Work to complete ::
For the entries below, print exactly the lines between the line holding "12861 Kapok Ln, Davie, FL 33330" and the line holding "将图片加载到图库查看器,Table basse indochinoise", inclusive, and nothing else.
┌─ Data records
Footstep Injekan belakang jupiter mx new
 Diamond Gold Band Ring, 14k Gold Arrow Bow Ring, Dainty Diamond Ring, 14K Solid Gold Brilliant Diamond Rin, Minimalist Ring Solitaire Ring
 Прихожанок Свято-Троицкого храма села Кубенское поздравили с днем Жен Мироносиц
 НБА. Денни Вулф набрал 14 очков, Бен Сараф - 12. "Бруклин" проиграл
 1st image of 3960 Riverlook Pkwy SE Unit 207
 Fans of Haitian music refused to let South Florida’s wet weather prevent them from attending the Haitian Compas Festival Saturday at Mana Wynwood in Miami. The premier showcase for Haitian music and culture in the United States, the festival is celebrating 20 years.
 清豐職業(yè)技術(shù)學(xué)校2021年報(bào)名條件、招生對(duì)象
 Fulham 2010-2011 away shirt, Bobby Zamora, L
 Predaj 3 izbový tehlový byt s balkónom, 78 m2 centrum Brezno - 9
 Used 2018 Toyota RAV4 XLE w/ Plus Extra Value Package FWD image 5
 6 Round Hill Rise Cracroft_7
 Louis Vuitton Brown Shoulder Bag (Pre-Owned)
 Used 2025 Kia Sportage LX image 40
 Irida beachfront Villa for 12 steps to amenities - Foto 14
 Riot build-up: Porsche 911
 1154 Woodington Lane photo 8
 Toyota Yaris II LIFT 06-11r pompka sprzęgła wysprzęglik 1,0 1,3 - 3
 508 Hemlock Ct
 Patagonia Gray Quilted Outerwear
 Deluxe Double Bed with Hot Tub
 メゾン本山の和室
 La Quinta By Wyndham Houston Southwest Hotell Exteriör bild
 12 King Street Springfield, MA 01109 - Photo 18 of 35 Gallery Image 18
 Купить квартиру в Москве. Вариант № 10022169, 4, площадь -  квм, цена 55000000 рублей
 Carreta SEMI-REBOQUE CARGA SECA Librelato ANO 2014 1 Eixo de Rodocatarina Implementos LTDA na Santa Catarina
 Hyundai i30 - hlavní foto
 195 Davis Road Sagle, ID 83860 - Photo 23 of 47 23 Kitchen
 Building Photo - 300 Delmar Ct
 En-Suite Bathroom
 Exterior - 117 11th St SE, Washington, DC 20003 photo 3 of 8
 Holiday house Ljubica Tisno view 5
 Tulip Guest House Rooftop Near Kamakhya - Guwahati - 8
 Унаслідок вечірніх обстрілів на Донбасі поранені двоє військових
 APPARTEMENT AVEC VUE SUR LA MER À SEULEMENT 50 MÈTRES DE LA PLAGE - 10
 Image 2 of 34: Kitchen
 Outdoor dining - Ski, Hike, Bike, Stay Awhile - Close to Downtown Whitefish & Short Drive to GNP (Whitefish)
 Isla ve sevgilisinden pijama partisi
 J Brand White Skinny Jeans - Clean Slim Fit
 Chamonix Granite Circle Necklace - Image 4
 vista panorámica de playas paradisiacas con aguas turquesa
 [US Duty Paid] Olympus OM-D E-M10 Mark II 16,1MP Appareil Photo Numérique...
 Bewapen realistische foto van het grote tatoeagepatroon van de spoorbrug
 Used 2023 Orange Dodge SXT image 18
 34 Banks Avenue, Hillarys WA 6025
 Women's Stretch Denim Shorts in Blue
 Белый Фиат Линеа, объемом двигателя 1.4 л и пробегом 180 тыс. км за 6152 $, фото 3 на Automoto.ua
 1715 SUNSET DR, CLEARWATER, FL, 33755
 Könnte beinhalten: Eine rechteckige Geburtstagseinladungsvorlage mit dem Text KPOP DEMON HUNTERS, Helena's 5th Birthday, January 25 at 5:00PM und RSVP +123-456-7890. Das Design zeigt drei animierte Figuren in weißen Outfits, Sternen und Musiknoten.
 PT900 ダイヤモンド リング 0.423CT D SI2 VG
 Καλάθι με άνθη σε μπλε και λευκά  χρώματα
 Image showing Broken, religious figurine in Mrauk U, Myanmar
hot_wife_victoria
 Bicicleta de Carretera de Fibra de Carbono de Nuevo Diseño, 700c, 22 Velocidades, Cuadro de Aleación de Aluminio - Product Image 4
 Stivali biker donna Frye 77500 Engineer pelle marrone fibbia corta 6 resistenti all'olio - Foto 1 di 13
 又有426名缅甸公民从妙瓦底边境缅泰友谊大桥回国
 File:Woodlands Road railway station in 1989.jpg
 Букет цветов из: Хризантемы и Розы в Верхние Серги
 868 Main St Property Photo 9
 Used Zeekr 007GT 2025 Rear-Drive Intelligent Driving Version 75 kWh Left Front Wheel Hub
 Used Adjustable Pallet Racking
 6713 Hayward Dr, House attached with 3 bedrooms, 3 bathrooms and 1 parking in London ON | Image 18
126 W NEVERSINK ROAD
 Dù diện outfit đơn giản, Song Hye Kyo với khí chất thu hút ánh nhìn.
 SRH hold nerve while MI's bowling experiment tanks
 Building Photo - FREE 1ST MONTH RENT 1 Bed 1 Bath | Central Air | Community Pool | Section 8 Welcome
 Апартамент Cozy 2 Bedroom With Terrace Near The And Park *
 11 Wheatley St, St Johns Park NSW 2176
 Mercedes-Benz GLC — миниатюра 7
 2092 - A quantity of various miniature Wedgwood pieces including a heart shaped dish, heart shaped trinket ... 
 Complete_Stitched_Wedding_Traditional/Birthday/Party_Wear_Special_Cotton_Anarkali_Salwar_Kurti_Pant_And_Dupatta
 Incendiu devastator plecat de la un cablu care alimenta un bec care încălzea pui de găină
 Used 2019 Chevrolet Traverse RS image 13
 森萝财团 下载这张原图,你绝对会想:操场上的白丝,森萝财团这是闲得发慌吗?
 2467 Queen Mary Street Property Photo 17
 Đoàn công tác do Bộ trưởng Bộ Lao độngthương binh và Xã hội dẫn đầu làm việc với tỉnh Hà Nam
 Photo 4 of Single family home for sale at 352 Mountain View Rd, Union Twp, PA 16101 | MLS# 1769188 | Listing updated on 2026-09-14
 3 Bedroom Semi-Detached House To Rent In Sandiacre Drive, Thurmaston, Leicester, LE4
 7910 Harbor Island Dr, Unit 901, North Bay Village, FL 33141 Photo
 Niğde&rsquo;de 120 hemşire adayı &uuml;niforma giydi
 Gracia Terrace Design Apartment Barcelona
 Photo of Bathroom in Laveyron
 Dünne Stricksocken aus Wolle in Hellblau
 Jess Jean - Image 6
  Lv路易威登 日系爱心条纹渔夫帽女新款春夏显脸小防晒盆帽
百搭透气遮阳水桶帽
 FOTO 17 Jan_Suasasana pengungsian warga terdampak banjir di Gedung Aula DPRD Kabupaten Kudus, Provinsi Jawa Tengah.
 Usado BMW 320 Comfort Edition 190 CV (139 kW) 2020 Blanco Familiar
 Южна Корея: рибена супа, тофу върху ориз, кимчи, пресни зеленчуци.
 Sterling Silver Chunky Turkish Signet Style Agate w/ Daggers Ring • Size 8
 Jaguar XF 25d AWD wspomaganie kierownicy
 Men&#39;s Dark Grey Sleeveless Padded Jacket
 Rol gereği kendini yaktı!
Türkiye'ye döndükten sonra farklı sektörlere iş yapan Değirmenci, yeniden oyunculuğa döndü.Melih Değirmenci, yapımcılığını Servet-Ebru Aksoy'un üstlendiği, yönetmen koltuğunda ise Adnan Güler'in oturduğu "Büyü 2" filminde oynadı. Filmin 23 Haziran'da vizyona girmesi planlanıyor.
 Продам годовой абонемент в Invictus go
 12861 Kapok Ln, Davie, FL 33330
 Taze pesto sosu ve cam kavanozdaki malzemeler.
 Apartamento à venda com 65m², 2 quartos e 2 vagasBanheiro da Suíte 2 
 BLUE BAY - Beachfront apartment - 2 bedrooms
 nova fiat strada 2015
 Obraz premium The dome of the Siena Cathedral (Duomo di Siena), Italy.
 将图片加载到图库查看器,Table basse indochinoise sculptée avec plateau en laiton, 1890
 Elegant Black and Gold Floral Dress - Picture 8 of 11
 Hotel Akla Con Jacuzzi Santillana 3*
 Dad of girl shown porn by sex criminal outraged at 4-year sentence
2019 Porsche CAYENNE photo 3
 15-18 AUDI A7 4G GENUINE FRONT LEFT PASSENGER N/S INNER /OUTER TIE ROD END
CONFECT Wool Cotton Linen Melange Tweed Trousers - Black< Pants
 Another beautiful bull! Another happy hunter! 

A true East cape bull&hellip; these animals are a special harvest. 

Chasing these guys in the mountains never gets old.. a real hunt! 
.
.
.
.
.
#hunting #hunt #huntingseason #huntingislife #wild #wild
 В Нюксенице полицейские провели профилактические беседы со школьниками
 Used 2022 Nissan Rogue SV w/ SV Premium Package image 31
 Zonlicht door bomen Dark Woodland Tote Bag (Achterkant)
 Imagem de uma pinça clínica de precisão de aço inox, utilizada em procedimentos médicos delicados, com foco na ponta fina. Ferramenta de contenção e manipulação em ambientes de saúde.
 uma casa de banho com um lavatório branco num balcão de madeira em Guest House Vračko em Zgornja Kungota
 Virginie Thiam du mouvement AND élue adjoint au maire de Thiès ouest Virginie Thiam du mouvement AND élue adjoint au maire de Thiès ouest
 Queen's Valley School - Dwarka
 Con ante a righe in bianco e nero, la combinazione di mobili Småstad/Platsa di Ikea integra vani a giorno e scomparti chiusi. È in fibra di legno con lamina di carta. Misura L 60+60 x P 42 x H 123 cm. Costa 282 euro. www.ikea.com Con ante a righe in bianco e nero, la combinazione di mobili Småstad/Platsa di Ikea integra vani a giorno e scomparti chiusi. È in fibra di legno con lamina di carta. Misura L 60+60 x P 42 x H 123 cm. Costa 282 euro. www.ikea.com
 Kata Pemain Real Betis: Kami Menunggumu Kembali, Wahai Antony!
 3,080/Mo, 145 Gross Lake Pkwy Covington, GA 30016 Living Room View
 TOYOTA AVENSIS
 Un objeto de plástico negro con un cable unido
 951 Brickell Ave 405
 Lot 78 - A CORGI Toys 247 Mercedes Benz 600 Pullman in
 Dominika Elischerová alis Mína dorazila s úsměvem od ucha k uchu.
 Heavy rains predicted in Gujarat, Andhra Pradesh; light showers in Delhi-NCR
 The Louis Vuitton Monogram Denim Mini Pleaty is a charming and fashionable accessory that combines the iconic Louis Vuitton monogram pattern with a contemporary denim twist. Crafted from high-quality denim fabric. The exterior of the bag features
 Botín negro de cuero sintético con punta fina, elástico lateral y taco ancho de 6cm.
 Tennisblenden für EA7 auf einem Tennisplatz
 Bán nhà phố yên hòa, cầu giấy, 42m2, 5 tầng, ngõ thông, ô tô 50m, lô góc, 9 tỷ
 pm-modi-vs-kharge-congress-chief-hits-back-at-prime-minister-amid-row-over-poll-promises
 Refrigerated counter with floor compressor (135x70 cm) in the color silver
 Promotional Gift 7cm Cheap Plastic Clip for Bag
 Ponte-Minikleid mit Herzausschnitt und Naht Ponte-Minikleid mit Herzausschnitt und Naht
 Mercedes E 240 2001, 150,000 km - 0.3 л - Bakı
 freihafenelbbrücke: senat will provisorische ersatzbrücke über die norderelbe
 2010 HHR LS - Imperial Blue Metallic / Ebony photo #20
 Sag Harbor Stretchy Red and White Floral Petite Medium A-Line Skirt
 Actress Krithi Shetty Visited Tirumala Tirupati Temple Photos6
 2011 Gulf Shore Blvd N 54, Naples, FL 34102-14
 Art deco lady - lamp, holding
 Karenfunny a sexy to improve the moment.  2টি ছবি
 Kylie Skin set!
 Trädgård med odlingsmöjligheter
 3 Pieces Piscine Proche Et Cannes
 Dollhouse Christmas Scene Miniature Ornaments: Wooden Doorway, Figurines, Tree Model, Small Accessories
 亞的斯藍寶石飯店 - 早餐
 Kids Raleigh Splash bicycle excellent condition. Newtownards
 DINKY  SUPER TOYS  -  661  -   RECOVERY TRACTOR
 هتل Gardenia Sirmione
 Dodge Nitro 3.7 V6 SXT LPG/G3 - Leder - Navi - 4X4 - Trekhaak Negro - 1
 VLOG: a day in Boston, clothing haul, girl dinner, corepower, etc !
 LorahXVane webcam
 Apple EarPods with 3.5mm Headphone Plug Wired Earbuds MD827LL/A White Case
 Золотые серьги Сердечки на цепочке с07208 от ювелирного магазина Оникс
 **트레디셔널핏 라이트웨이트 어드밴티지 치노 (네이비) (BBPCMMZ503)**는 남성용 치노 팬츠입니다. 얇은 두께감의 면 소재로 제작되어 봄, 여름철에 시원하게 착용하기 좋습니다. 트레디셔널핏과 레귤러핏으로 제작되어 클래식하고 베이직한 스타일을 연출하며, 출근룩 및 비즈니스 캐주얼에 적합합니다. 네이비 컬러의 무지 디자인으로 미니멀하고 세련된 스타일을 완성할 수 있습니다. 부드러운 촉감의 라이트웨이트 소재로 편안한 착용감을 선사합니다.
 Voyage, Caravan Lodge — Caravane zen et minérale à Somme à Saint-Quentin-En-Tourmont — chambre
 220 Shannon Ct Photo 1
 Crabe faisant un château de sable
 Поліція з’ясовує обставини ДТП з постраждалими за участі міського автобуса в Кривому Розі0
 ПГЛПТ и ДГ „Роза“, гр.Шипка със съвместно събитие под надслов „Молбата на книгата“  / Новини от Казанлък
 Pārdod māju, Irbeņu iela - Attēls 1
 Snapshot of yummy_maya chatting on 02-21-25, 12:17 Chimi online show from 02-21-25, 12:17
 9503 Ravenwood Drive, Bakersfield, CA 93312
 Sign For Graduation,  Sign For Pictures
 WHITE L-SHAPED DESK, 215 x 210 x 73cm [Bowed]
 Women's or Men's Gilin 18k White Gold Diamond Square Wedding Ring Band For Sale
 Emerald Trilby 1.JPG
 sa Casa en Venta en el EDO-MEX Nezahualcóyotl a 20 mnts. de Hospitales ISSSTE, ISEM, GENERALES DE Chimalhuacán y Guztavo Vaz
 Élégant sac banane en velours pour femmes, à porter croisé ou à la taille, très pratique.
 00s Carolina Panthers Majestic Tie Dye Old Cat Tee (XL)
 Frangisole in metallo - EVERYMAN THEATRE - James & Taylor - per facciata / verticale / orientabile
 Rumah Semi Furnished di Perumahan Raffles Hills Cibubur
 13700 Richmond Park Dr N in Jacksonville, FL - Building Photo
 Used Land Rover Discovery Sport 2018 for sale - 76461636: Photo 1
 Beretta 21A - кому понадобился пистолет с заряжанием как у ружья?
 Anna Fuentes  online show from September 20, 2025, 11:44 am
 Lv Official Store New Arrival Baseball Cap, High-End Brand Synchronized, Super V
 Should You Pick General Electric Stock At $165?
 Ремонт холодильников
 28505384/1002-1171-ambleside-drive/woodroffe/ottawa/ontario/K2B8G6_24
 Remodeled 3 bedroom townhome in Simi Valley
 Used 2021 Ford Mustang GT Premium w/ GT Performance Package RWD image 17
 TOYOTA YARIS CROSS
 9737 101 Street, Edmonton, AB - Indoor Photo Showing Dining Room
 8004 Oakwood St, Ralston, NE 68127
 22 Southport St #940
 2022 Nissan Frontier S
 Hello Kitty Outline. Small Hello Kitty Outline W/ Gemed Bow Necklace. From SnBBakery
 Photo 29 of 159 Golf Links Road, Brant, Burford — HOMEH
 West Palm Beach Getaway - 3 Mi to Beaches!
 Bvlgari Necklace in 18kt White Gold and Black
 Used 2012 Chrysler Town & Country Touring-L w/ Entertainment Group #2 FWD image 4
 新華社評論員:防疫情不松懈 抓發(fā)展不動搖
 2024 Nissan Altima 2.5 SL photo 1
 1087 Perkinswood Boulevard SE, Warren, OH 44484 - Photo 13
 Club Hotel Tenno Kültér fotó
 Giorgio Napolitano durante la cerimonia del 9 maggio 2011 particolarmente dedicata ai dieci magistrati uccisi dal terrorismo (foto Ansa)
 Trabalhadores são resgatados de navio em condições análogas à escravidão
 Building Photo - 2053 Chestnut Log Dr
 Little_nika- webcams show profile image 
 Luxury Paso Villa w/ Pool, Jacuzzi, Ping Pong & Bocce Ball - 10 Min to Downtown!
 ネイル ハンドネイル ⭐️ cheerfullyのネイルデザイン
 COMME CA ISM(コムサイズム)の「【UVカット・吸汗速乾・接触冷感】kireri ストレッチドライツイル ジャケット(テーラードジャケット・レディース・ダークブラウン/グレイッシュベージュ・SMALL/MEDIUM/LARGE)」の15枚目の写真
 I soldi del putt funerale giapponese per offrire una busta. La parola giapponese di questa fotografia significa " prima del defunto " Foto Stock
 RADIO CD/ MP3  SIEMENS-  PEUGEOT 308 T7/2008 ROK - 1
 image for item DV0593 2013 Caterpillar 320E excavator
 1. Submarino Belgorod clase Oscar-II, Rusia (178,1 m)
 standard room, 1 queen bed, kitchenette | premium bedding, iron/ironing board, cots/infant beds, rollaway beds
└─
Worked solution ::
 12861 Kapok Ln, Davie, FL 33330
 Taze pesto sosu ve cam kavanozdaki malzemeler.
 Apartamento à venda com 65m², 2 quartos e 2 vagasBanheiro da Suíte 2 
 BLUE BAY - Beachfront apartment - 2 bedrooms
 nova fiat strada 2015
 Obraz premium The dome of the Siena Cathedral (Duomo di Siena), Italy.
 将图片加载到图库查看器,Table basse indochinoise sculptée avec plateau en laiton, 1890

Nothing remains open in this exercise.